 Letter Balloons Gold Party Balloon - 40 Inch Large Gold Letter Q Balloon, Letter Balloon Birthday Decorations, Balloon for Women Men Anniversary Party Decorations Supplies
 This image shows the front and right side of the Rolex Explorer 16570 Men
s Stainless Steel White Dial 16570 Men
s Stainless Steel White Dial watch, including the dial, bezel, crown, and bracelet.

══════════════════════════════

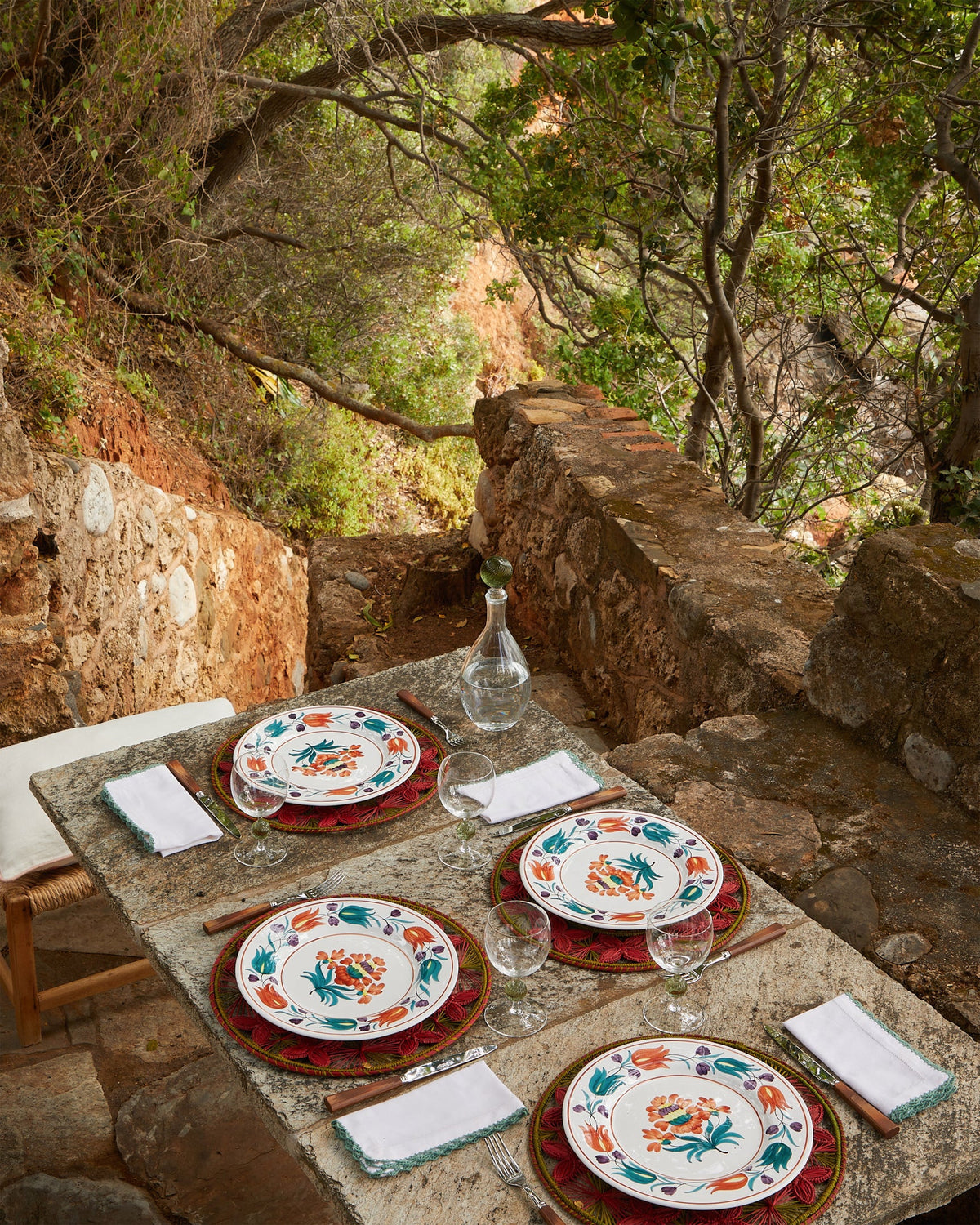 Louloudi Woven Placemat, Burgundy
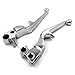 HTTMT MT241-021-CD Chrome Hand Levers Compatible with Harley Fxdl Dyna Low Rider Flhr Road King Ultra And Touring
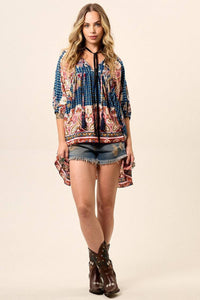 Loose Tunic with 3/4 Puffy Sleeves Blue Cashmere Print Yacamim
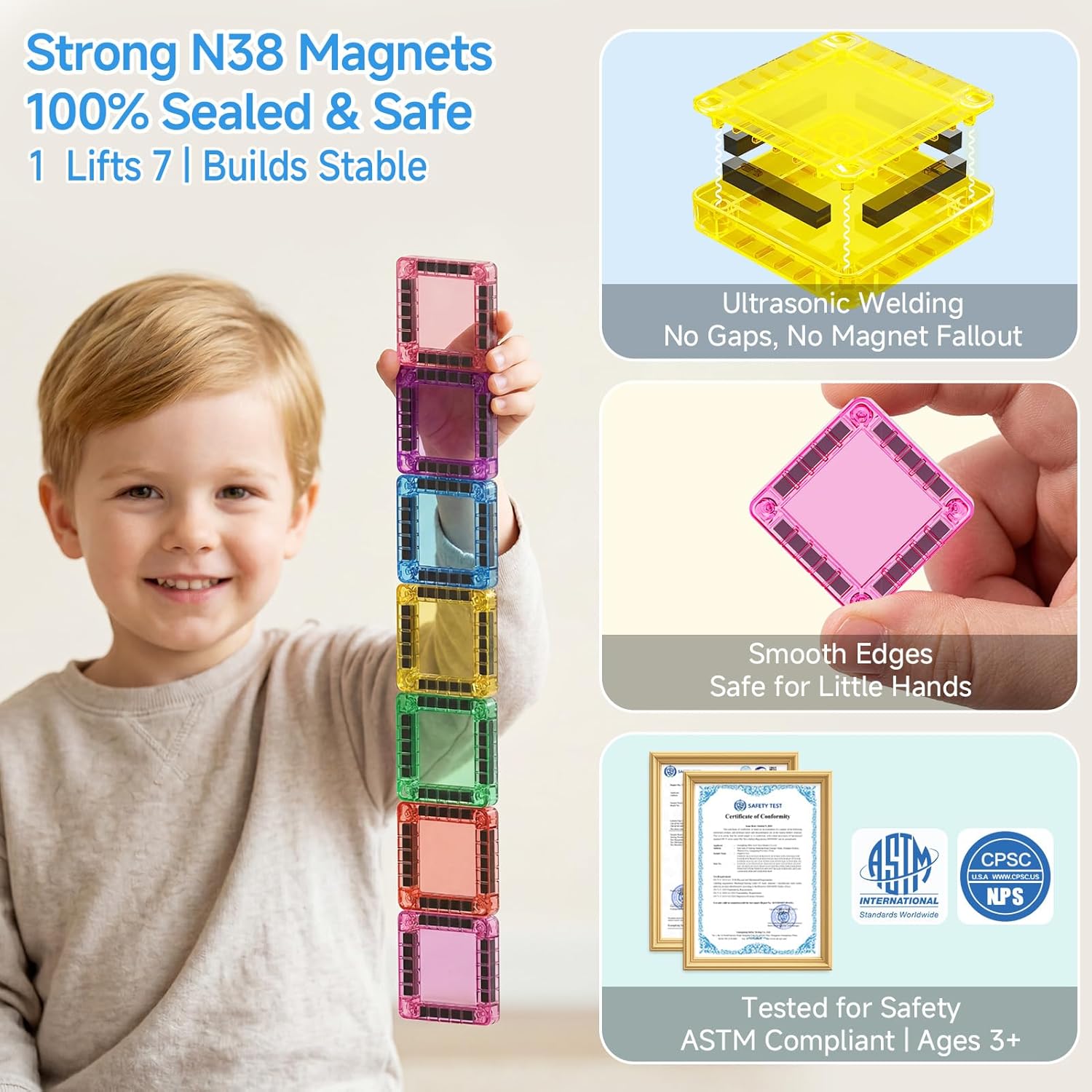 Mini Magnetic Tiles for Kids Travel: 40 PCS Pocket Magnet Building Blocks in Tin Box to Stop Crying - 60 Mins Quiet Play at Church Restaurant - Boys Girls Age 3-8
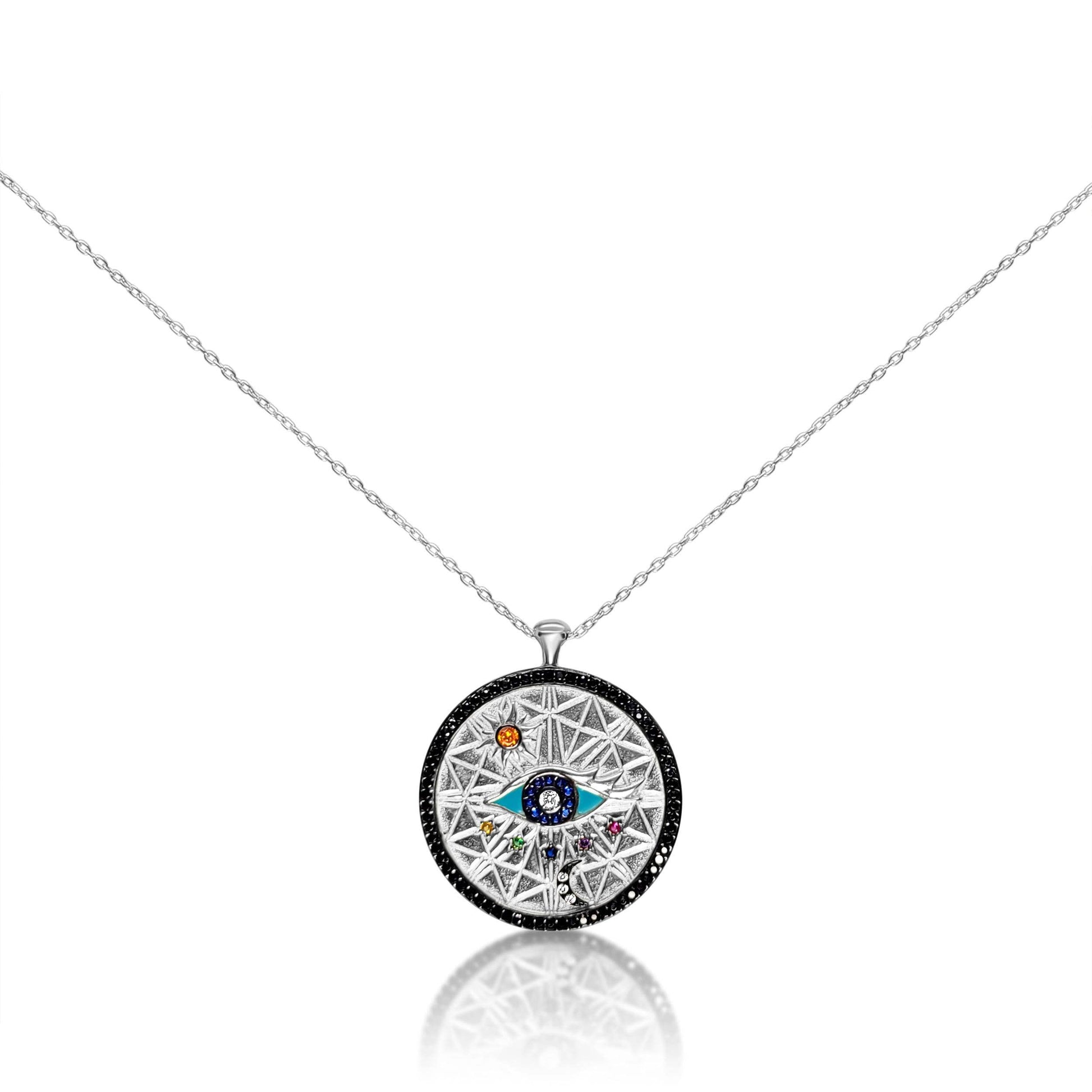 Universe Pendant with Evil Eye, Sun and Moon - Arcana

══════════════════════════════

-- Work to complete --
The reply should consist solely of the lines above from the one that has "Letter Balloons Gold" through the one that has "s Stainless Steel White Dial watch, including", reproduced exactly.

-- Exercise response --
 Letter Balloons Gold Party Balloon - 40 Inch Large Gold Letter Q Balloon, Letter Balloon Birthday Decorations, Balloon for Women Men Anniversary Party Decorations Supplies
 This image shows the front and right side of the Rolex Explorer 16570 Men
s Stainless Steel White Dial 16570 Men
s Stainless Steel White Dial watch, including the dial, bezel, crown, and bracelet.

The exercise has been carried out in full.